— Exercise brief —
Reproduce the entire listing exactly as written, apart from its pictures.

— Records for processing —
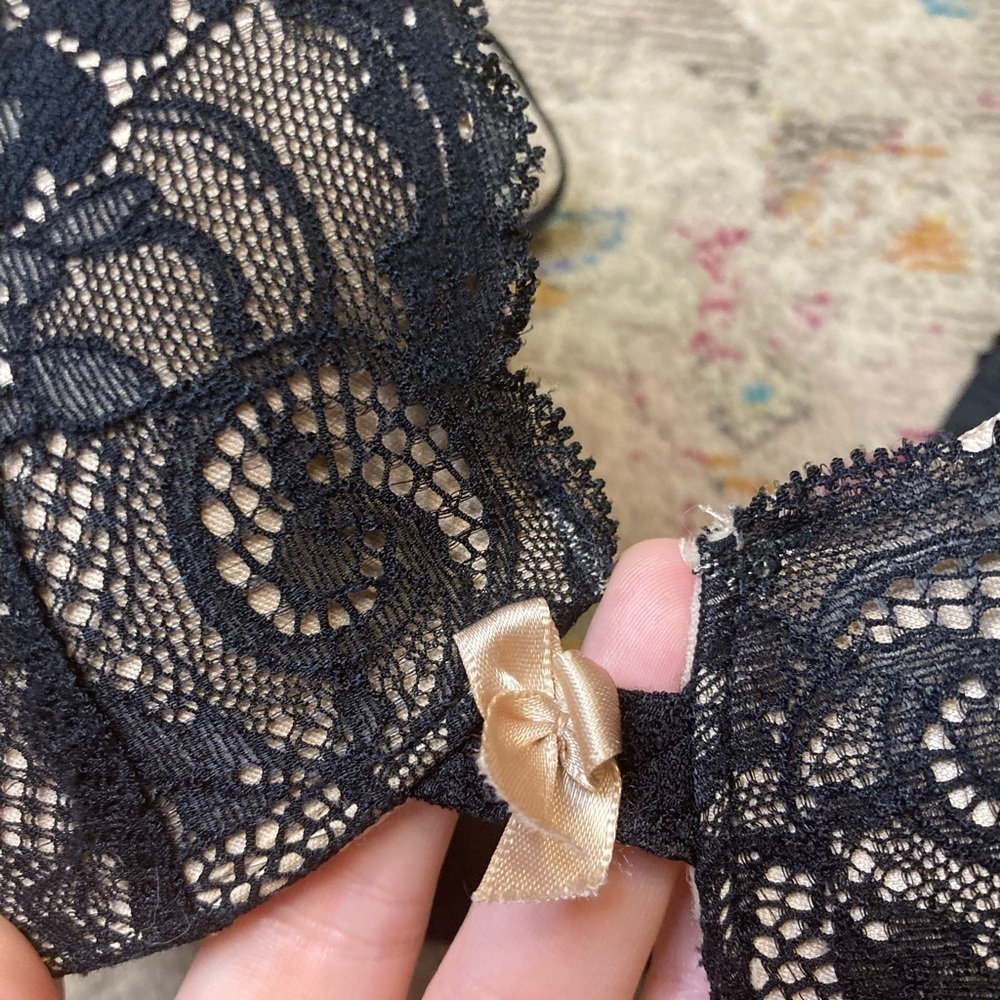 Victoria’s Secret Angels Black And Tan Lace Push Up Bra Size 34D - Picture 3 of 11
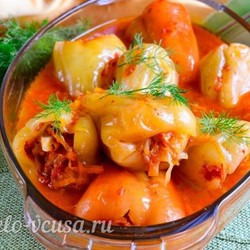 Перец фаршированный овощами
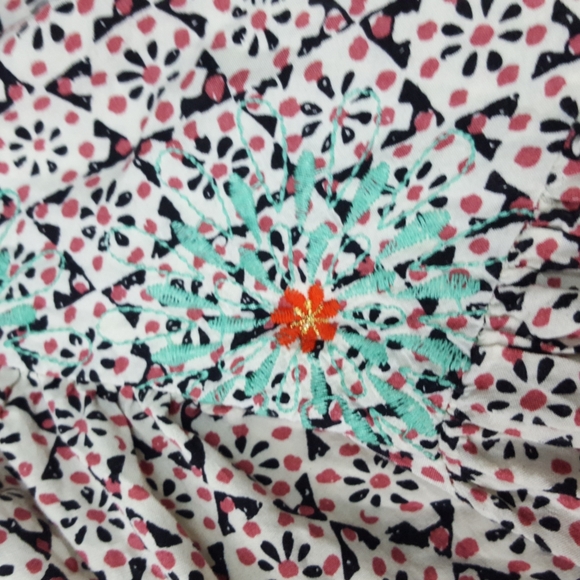 Umgee Ballon Sleeves embroidered baby doll blouse - Picture 6 of 10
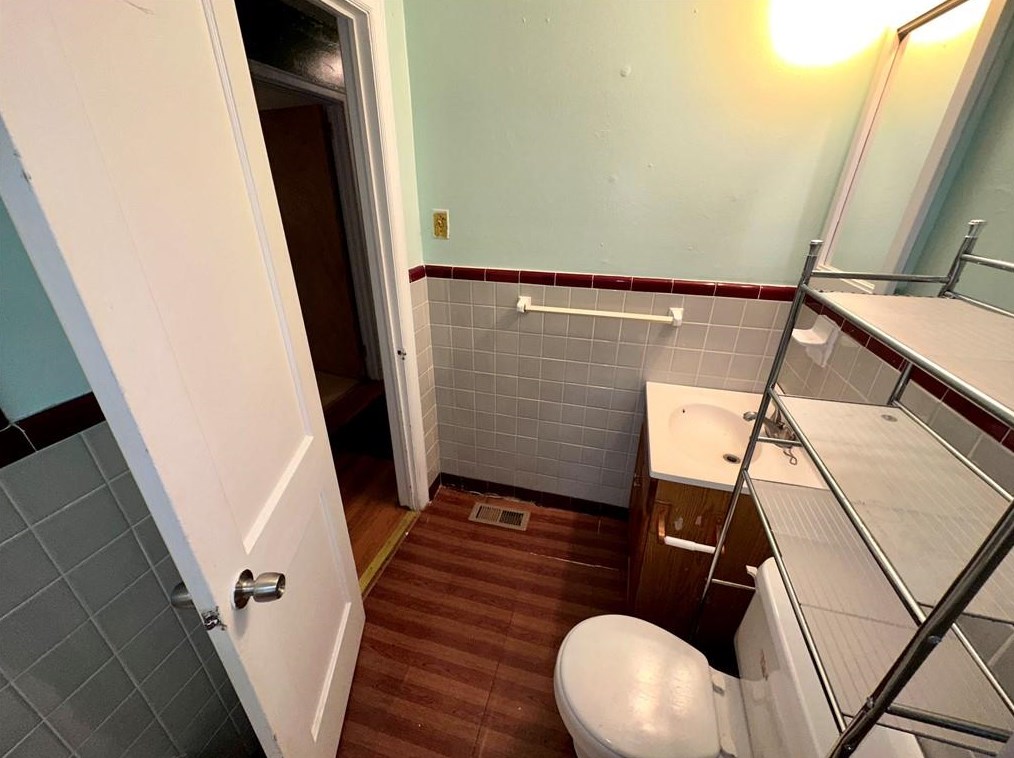 4189 Lindsey Dr, Decatur GA  30035-1922 exterior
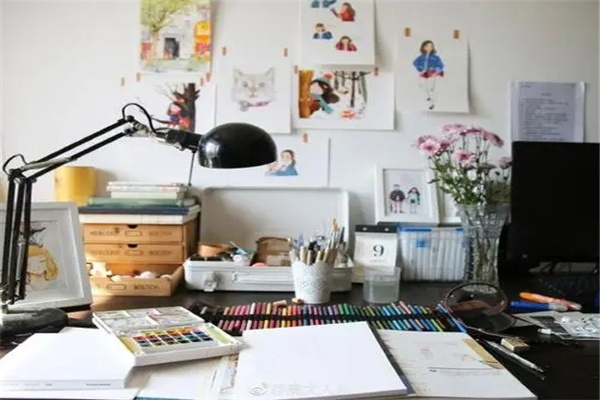 ​书桌设计用品怎么摆放风水好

— Expected output —
 Victoria’s Secret Angels Black And Tan Lace Push Up Bra Size 34D - Picture 3 of 11
 Перец фаршированный овощами
 Umgee Ballon Sleeves embroidered baby doll blouse - Picture 6 of 10
 4189 Lindsey Dr, Decatur GA  30035-1922 exterior
 ​书桌设计用品怎么摆放风水好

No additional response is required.